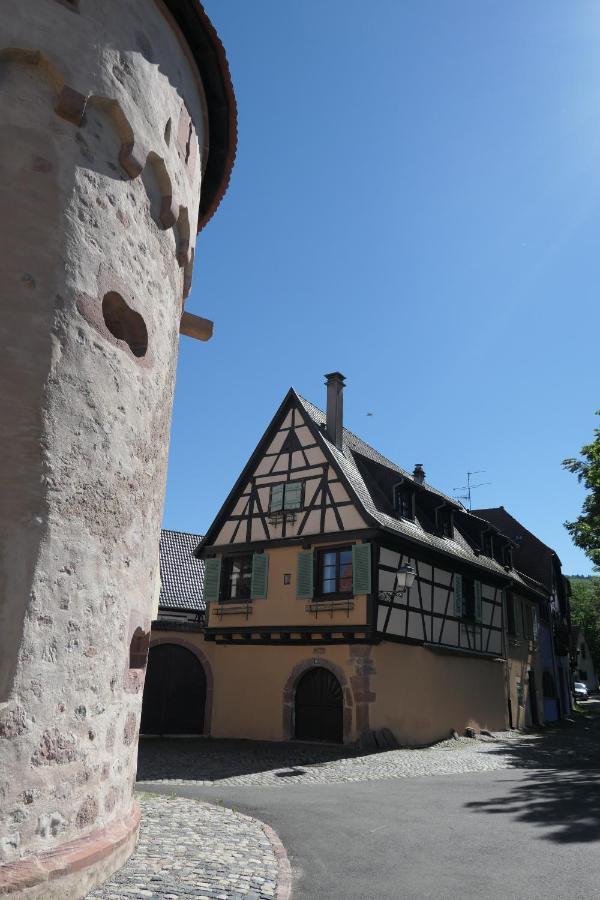 Au Petit Paradis Ammerschwihr Exterior photo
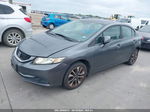 2013 Honda Civic Ex Gray vin: 19XFB2F88DE285511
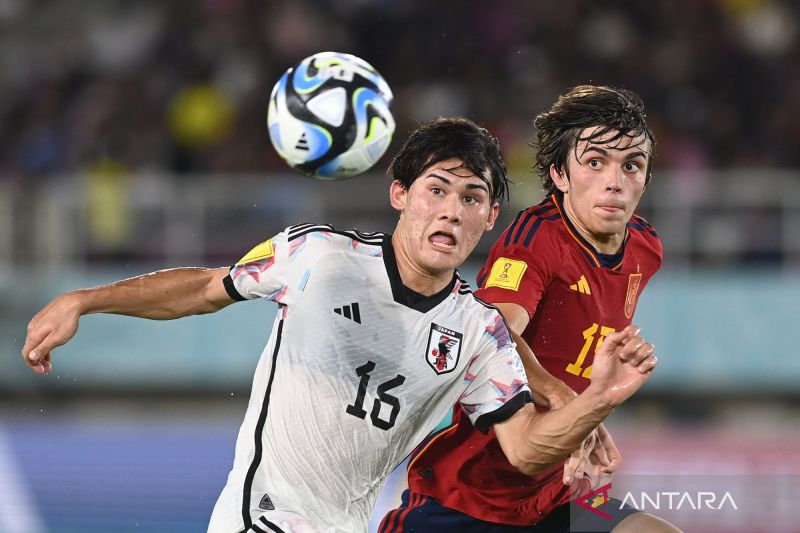 Hasil Timnas Spanyol u-17 vs Jepang U-17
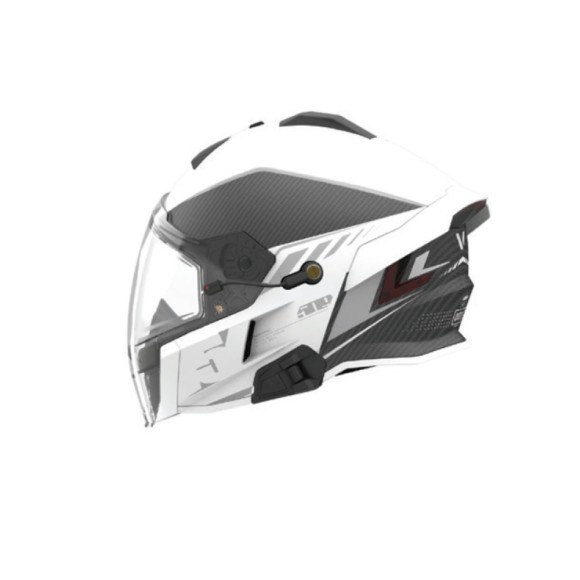 Шлем 509 Delta V Carbon Commander с подогревом Stormchaser Reflect (Gloss), XL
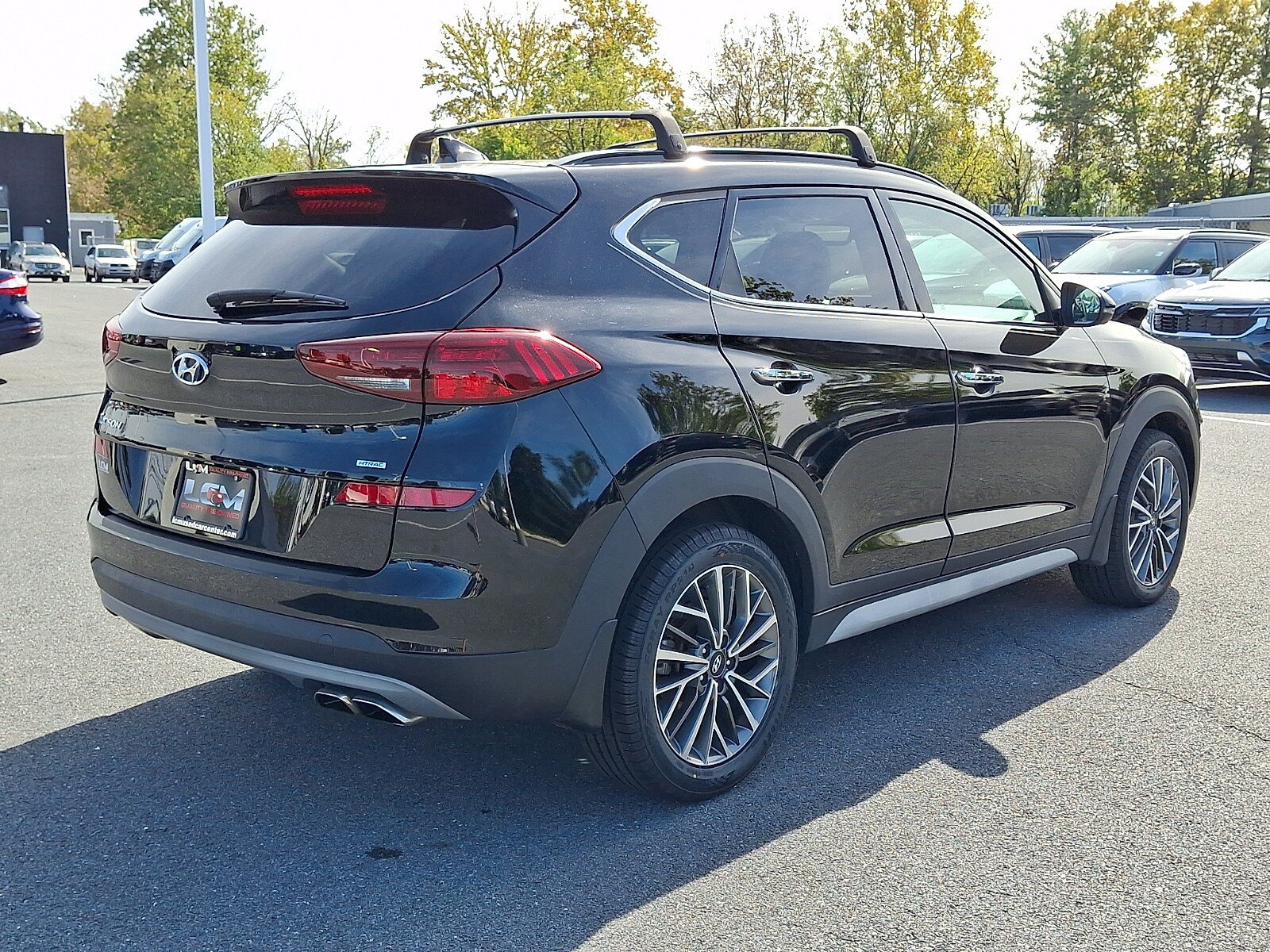 Used 2021 Hyundai Tucson Ultimate w/ Cargo Package AWD/4WD image 5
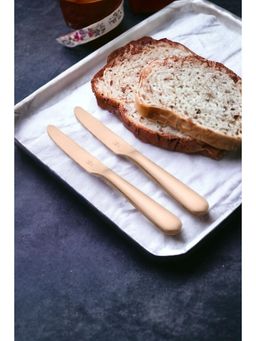 FNS - Rosella Rose Gold Stainless Steel Dinner Butter Knife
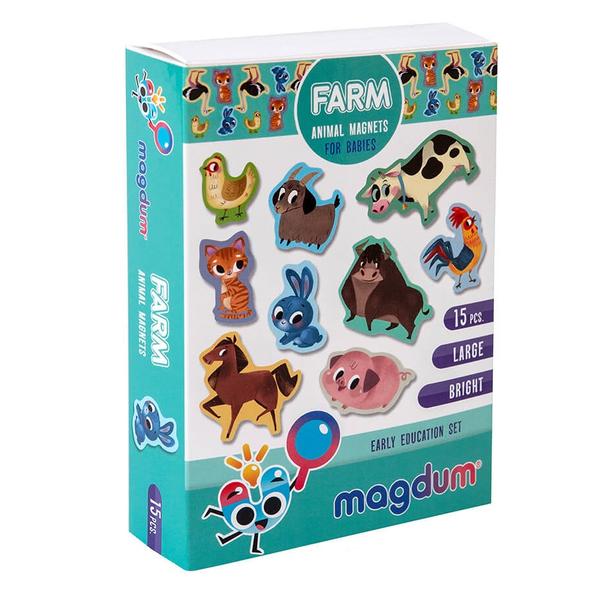 Игра магнитная Ферма - Рисунки ML4031-03 EN (4820215152112)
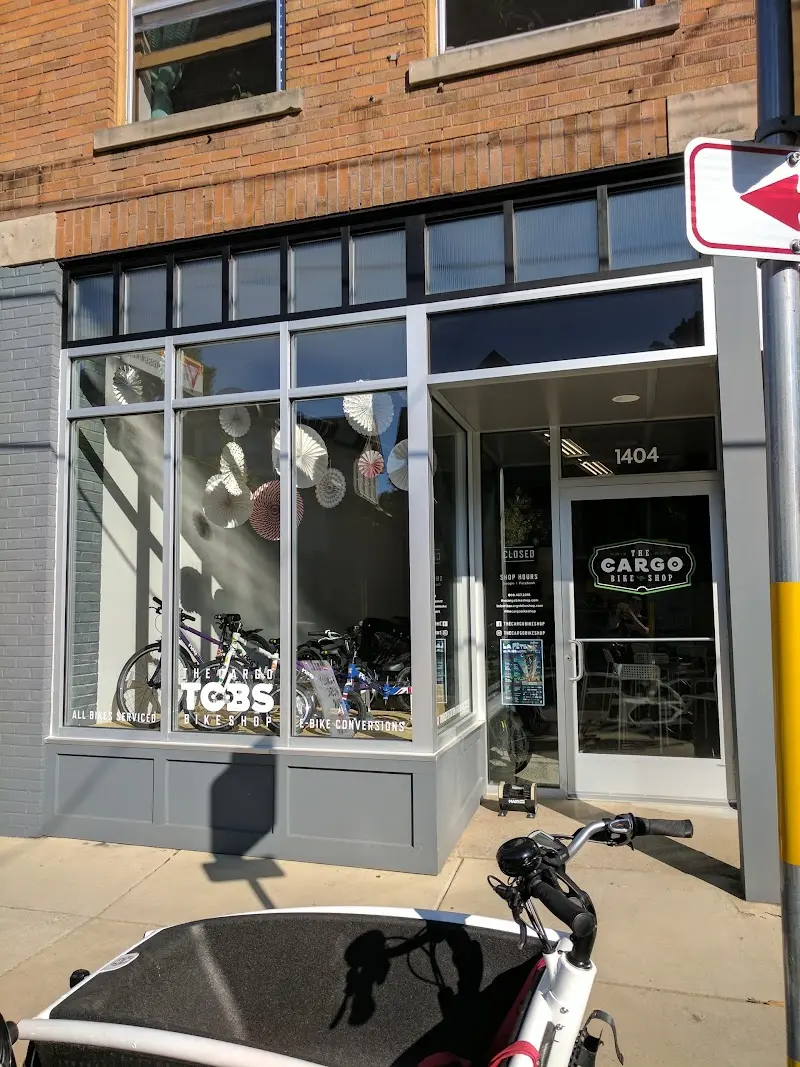 The Cargo Bike Shop storefront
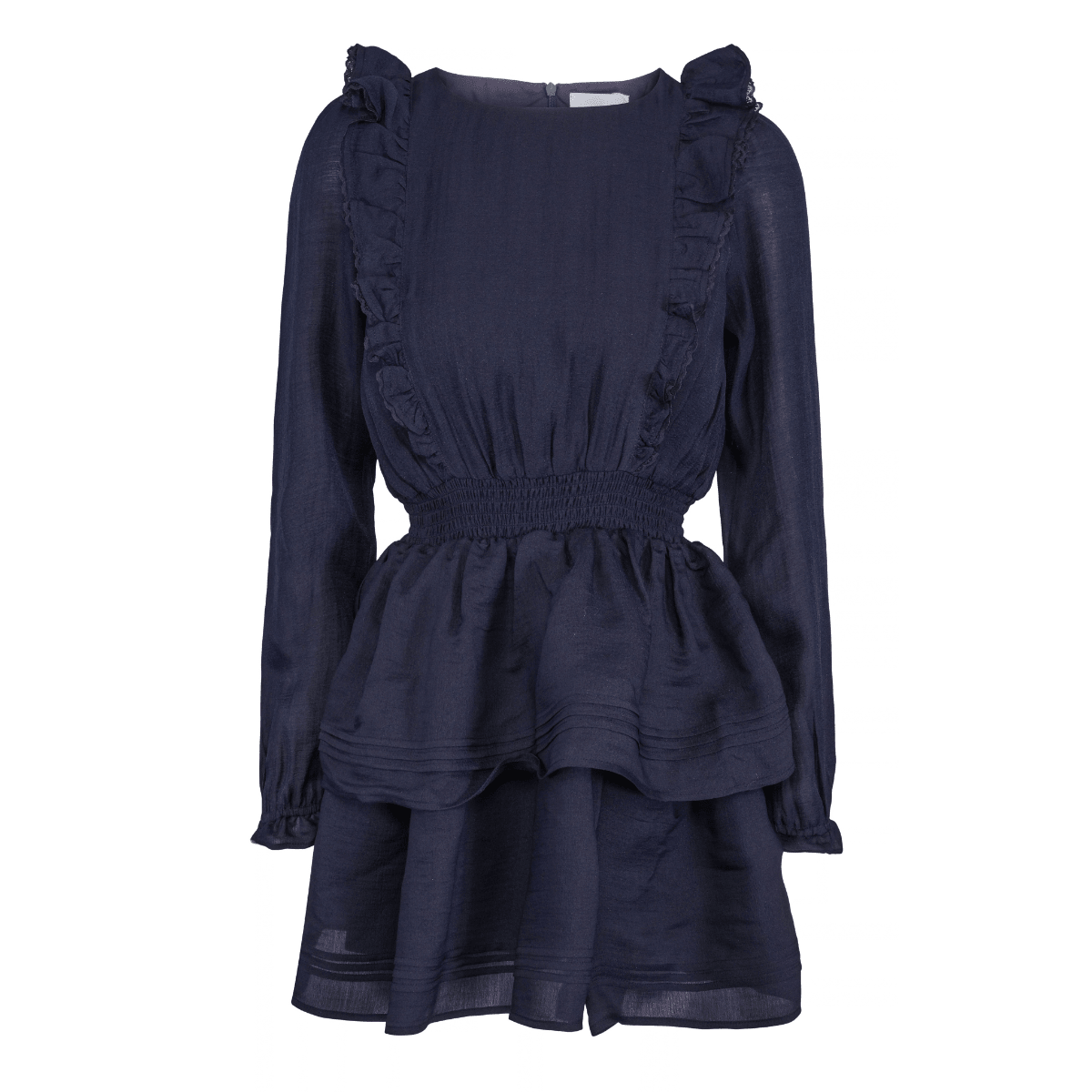 Vilje & Ve - Kjole Ane Dark Navy - Guttelus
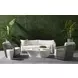 Dali White Occasional Table Set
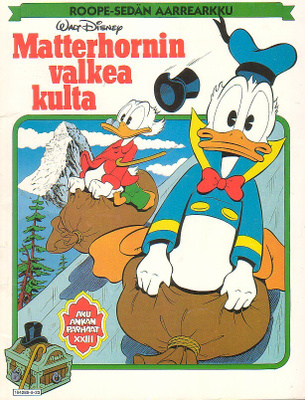 Aku Ankan parhaat XXIII - MATTERHORNIN VALKEA KULTA ( 1p)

......

- [Exercise aim]
Nothing but the pictures is to be left out; the rest of the listing should be copied exactly.

- [Solution to this task]
 Au Petit Paradis Ammerschwihr Exterior photo
 2013 Honda Civic Ex Gray vin: 19XFB2F88DE285511
 Hasil Timnas Spanyol u-17 vs Jepang U-17
 Шлем 509 Delta V Carbon Commander с подогревом Stormchaser Reflect (Gloss), XL
 Used 2021 Hyundai Tucson Ultimate w/ Cargo Package AWD/4WD image 5
 FNS - Rosella Rose Gold Stainless Steel Dinner Butter Knife
 Игра магнитная Ферма - Рисунки ML4031-03 EN (4820215152112)
 The Cargo Bike Shop storefront
 Vilje & Ve - Kjole Ane Dark Navy - Guttelus
 Dali White Occasional Table Set
 Aku Ankan parhaat XXIII - MATTERHORNIN VALKEA KULTA ( 1p)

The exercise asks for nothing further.